**Input for this task**
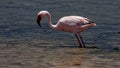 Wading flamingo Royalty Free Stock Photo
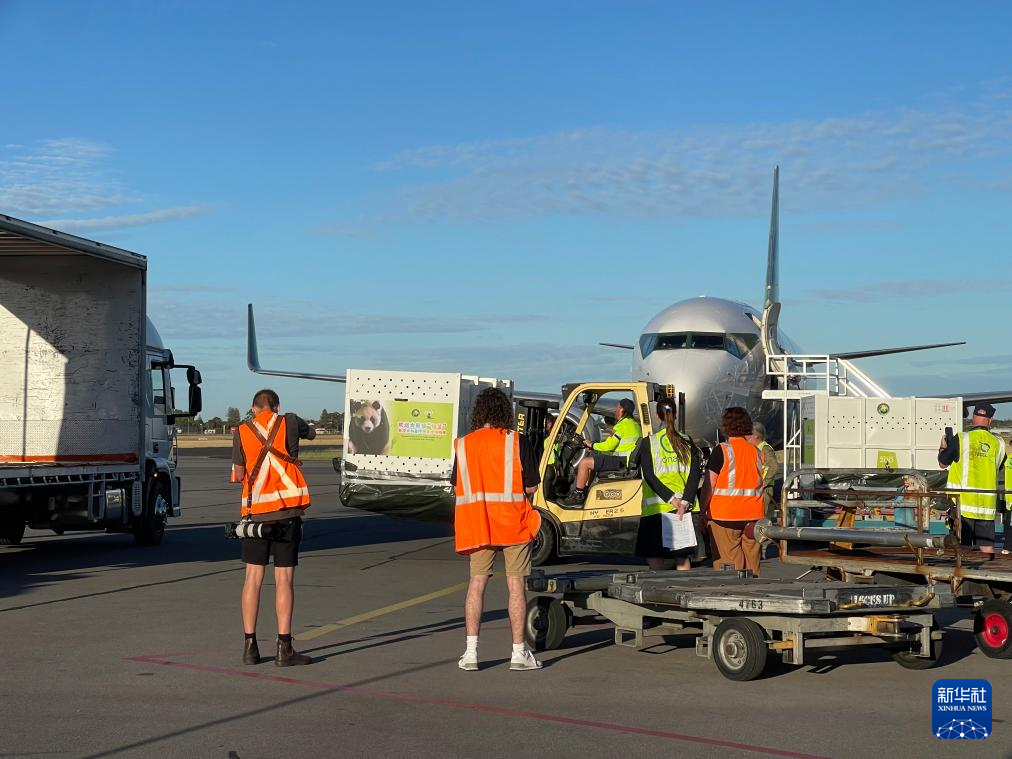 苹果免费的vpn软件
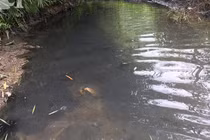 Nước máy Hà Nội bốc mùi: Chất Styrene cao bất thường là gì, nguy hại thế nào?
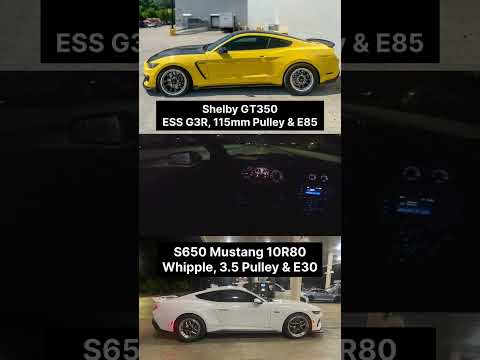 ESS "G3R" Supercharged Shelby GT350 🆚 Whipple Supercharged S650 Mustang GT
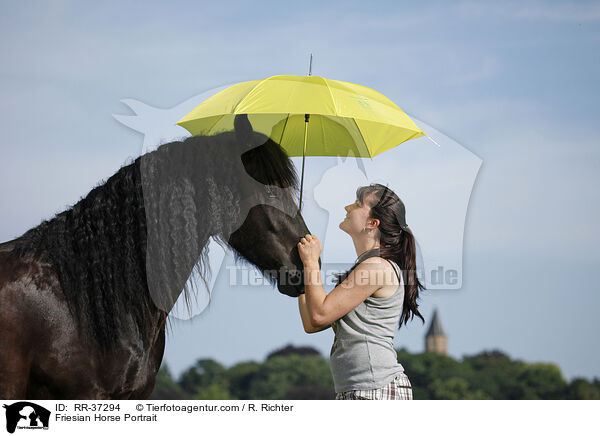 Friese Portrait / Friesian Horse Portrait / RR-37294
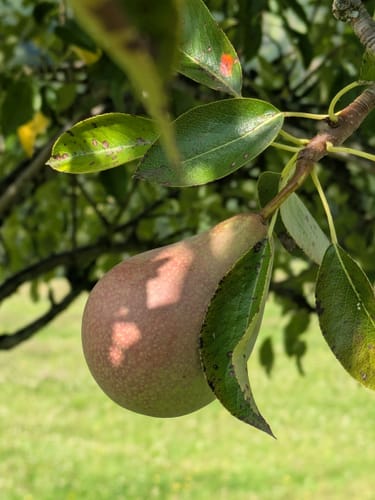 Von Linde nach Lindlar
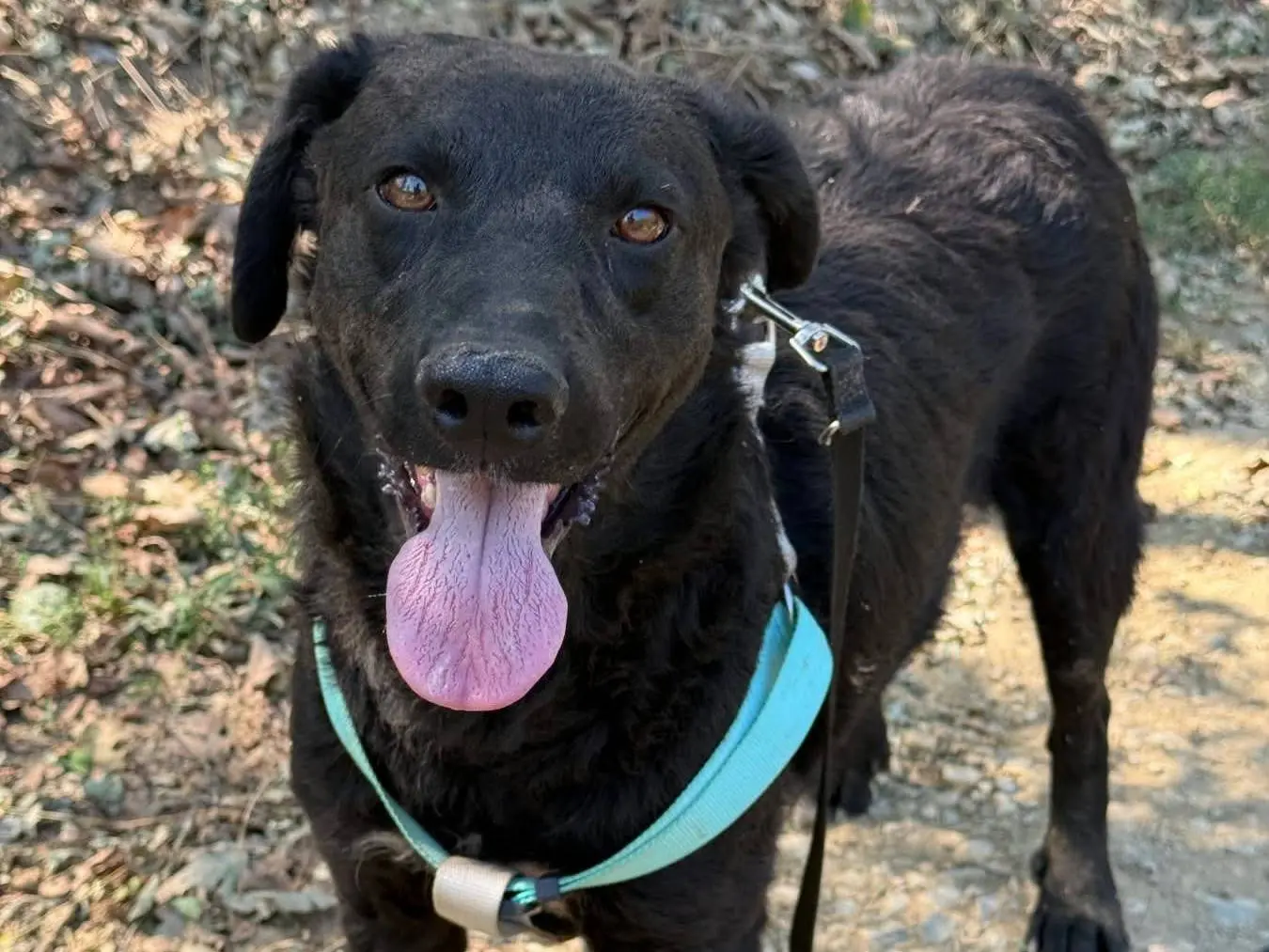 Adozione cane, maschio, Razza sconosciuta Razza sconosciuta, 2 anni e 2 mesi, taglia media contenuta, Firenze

**Task requirements**
Your output should consist solely of the lines from the line containing "Friese Portrait /" through the end of the data above, copied exactly, with images removed.

**Answer for the task**
 Friese Portrait / Friesian Horse Portrait / RR-37294
 Von Linde nach Lindlar
 Adozione cane, maschio, Razza sconosciuta Razza sconosciuta, 2 anni e 2 mesi, taglia media contenuta, Firenze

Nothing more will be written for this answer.